We have this old tree on the edge of the apartment property - its very very tall, very stately and very hollow. It would appear that in a combined effort squirrels and possibly termites has been working their way through its core.  Though the City has assured us of its stability, I have a feeling that some day during one of those big wind storms Ottawa is known for, it will split in two and come crashing down - taking part of the building and a ton of electrical wires with it. In the mean time it's weathered, lichen encrusted bark and the hollow at the base give it a rather Black Forest look in the middle of downtown Ottawa.


Some else must have twigged to its Grimm Brothers lost-in-the-forest aura because early this past weekend a little creature set up house in the hollow. 


Yes a gnome with a rather happy disposition - in fact at first glance it almost looked like the Disney franchise had moved in on Mcleod St - appeared to have take residence in the hollow.  For several days his presence brought a smile to the faces of passersby; and I might add a bit of confusion to Nora who normally hunts down the scent of her arch-enemies to that hollow. 

Unfortunately by late Monday afternoon the cheerful little fellow had pulled up stakes and moved to another - unknown - location.  Let's hope one of those pesky rodents that Nora is on the hunt for hasn't decided to squirrel him away!
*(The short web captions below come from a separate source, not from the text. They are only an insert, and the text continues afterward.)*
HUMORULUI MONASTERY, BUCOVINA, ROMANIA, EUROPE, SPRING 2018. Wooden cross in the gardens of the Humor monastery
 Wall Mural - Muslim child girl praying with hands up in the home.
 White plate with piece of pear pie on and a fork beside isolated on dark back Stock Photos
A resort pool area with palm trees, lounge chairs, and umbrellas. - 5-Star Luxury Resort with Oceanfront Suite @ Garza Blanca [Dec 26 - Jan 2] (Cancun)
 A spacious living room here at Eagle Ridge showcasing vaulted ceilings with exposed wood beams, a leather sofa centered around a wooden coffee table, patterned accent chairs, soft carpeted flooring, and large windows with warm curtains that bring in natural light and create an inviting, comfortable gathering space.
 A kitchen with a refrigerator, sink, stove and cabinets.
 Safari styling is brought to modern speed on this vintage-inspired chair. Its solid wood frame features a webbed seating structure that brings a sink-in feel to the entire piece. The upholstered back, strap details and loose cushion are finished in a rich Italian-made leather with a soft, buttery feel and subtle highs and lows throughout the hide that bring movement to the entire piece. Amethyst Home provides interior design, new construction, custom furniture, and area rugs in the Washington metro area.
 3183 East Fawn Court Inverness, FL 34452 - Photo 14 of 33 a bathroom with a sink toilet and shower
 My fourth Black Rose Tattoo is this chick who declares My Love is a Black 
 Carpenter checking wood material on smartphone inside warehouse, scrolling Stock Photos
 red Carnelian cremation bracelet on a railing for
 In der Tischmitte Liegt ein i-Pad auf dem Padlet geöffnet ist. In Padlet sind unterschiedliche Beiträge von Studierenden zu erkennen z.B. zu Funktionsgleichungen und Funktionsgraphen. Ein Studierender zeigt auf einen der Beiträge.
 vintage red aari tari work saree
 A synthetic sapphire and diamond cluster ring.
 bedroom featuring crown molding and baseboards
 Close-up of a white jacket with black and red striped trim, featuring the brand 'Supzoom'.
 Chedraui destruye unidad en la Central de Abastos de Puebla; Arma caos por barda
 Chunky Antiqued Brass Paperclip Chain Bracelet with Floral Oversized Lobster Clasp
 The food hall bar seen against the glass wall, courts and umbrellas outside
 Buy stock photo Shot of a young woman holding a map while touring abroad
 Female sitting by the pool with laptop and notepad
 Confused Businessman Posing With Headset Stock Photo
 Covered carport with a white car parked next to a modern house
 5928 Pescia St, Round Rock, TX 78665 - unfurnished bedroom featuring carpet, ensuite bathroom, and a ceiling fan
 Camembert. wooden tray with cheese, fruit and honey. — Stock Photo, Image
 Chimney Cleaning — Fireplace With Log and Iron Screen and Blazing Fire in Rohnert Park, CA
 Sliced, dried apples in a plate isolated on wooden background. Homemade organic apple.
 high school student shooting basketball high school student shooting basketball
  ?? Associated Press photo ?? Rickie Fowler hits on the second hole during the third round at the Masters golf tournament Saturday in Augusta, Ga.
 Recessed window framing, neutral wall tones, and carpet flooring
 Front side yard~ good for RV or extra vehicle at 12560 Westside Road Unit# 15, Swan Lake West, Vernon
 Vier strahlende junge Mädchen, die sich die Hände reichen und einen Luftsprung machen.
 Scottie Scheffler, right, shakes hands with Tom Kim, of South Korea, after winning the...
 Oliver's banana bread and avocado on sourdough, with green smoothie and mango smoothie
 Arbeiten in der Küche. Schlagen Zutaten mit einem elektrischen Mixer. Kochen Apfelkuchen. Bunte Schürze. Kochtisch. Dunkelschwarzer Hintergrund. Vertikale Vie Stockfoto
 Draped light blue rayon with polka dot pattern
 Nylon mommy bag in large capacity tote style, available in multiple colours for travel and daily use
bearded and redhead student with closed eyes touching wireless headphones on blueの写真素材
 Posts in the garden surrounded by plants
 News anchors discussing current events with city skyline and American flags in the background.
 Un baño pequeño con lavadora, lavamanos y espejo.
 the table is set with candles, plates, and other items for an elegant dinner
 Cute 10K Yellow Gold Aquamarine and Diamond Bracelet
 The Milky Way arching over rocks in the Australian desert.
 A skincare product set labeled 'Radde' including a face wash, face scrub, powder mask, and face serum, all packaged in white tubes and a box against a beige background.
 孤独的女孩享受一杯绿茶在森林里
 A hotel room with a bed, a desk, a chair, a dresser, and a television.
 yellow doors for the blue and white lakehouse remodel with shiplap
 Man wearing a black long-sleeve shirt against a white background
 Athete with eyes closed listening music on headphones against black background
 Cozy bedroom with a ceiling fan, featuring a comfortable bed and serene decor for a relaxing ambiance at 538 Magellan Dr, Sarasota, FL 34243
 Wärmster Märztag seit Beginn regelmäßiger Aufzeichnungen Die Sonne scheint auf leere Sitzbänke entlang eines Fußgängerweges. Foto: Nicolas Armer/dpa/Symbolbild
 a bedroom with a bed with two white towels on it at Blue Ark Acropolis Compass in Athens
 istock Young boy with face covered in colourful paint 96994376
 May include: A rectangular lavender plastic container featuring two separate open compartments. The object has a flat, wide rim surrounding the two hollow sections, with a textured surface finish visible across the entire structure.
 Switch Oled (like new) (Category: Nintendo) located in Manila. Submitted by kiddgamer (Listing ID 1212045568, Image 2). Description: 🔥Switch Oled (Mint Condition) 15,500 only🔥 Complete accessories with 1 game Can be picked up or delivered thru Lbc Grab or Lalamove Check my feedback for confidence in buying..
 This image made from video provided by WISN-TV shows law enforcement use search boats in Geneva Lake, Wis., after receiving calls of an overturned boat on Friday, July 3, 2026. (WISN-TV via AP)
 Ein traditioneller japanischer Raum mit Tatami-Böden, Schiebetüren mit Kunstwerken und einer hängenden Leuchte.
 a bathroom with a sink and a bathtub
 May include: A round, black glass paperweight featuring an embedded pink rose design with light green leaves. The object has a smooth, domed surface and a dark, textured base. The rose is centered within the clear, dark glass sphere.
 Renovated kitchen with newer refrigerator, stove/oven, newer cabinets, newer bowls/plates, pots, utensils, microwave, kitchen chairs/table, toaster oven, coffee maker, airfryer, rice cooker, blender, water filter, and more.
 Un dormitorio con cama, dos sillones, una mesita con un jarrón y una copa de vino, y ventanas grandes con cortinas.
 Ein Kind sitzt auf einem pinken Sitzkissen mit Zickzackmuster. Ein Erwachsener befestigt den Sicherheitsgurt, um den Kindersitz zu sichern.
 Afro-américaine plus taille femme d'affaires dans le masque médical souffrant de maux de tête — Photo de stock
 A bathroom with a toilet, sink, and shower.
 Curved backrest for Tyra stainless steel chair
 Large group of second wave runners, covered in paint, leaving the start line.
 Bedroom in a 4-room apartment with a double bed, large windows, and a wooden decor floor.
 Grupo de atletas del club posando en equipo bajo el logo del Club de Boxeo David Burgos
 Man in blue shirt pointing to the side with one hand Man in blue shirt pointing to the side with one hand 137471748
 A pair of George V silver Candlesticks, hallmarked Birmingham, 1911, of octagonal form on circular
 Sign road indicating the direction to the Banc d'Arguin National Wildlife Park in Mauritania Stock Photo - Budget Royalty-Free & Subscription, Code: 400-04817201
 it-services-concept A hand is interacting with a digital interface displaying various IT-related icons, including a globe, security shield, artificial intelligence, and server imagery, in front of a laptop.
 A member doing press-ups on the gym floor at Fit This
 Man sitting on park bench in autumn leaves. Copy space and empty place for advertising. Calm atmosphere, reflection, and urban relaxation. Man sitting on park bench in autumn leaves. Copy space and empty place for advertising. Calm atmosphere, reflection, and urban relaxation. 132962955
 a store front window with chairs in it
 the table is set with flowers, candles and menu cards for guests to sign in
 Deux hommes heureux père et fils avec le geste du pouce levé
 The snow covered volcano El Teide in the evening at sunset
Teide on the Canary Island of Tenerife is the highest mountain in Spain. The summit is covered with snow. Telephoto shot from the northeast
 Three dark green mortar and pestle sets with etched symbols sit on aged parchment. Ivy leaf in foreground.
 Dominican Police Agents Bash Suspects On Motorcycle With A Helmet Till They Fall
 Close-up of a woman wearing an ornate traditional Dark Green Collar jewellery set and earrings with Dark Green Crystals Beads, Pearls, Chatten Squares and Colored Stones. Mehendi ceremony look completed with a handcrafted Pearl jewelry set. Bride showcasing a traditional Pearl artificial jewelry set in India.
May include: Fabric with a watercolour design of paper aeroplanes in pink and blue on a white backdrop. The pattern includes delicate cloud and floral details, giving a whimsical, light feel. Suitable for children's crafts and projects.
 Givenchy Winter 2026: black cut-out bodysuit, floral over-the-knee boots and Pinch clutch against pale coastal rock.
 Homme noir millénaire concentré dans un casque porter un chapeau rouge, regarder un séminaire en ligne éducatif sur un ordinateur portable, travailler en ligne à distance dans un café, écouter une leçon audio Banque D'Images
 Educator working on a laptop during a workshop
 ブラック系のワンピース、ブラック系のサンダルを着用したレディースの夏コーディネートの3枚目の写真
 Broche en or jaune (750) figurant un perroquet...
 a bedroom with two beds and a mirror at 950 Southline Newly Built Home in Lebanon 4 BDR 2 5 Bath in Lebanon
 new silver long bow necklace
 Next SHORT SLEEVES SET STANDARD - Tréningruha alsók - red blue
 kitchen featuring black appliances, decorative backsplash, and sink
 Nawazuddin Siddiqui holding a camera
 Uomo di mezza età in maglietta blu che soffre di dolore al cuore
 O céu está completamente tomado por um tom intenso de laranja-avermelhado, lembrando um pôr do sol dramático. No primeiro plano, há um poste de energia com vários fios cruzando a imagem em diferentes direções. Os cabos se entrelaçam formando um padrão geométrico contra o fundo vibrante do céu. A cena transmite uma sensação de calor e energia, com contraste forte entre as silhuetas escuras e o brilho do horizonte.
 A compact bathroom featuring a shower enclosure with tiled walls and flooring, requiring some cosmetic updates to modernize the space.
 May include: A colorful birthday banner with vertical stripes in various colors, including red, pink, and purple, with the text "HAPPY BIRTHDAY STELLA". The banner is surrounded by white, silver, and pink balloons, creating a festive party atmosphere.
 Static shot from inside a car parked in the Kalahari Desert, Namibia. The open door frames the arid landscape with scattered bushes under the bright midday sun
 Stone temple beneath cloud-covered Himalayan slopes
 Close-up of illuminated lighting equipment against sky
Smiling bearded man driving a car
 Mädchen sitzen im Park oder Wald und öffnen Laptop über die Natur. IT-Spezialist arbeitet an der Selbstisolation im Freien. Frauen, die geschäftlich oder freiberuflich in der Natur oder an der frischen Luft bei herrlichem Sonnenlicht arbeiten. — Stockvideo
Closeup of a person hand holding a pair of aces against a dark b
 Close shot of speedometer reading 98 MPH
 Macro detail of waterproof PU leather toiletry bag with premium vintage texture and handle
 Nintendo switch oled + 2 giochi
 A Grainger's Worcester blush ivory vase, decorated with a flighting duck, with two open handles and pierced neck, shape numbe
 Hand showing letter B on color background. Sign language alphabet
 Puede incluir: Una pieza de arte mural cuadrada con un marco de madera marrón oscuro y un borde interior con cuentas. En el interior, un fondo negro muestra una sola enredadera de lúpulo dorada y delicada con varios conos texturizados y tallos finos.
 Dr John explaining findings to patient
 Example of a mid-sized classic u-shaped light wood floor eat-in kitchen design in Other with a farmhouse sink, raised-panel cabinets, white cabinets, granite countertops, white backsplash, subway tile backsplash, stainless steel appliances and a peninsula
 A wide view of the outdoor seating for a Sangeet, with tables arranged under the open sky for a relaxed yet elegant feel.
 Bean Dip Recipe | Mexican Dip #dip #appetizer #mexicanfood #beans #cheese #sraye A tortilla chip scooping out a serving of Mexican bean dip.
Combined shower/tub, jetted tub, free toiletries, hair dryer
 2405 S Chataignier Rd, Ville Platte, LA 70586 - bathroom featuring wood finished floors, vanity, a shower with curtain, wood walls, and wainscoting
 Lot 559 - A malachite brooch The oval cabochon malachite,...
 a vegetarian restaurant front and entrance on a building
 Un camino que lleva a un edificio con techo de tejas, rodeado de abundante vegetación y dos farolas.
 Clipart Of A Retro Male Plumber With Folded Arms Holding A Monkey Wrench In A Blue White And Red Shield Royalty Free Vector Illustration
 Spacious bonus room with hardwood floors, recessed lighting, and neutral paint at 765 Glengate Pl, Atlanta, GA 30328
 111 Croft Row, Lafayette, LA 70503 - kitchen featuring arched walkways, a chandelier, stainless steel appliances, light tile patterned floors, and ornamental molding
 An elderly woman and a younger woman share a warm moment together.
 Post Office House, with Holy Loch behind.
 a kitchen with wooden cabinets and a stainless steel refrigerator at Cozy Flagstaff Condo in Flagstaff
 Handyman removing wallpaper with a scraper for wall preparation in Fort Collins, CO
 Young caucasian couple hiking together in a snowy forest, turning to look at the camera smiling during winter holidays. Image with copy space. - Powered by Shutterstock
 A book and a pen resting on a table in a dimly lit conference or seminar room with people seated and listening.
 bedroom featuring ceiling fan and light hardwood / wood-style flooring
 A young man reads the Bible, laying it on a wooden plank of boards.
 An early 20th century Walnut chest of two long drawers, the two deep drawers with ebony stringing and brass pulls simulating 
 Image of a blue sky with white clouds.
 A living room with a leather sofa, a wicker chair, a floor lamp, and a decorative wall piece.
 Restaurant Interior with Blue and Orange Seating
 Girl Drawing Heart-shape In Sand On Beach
And that he's spreading smiles in another fortunate neighbourhood in our area.

04 September - 1949: The Peekskill Riots erupt after a Paul Robeson concert in Peekskill, New York.


Monday, September 03, 2012

Lunedi Lunacy

Since I'm in that mood here's a little Italian humour.

You're bipolar!

03 September - 301: San Marino, one of the smallest nations in the world and the world's oldest republic still in existence, is founded by Saint Marinus.

Sunday, September 02, 2012

Veni Etiam*

*They gave the city the name Venetia as if to say Veni etiam – Come again!
Francesco Sansovino
Citta Noblisissima et Singolare - 1581

Painted between 1580 and 1585 the fresco maps in the Gallery of the Maps in the Vatican represent the Papal States and other regions of Italy during the papacy of Gregory XIII (1572-1585).  Venice was, of course, an independent Republic and often at odds with Rome and more than once under papal interdict.

I was chatting with my friend Marco the Napoletano a month or so ago and mentioning to him that over the past while I’ve been seized by a longing for Venice.  The French have “envie” and the Italians “brama” both of which have a depth of meaning but for English I didn't really couldn't come up with one word that adequately expressed what I have been feeling other than longing.  Craving? Hankering? Desire?  Lust?  Hmm not sure if all of those don’t in some way apply.  Though I had been travelling in Europe since 1967,  except for one brief stopover in Milan on my way from Aix-en-Provence to Salzburg in 1978, Italy was a country that just didn’t enter on my travel map until 18 years later.  In 1996 a trip to Venice was my serious introduction to Italy; though of course Venice is no more Italy than Rome, Palmero, Napoli, Milan or Trento is Italy.

I was no stranger to the Venice of novels, operas, plays, movies and travel books – this was the place of music, art, warfare, debauchery and intrigue.  It was the place of Monteverdi, Casanova, canals, gondole, La Fenice, the Lido and San Marco.  It was a place I had visited time and time again as an armchair voyager but now I was going to confront the reality of all those images and impressions.  I  flew in from Ottawa via London to meet Laurent who was coming in from Amman and as I looked out the aircraft window there in the bright sunlight was the lagoon and its many islands dominated by that great winding inverted S curve of the Grand Canal and what I immediately recognized as the Campanella in Piazza San Marco.  As with all things dreamt about there was a certain sense of apprehension; I remember thinking, well I'm either going to love or hate this place.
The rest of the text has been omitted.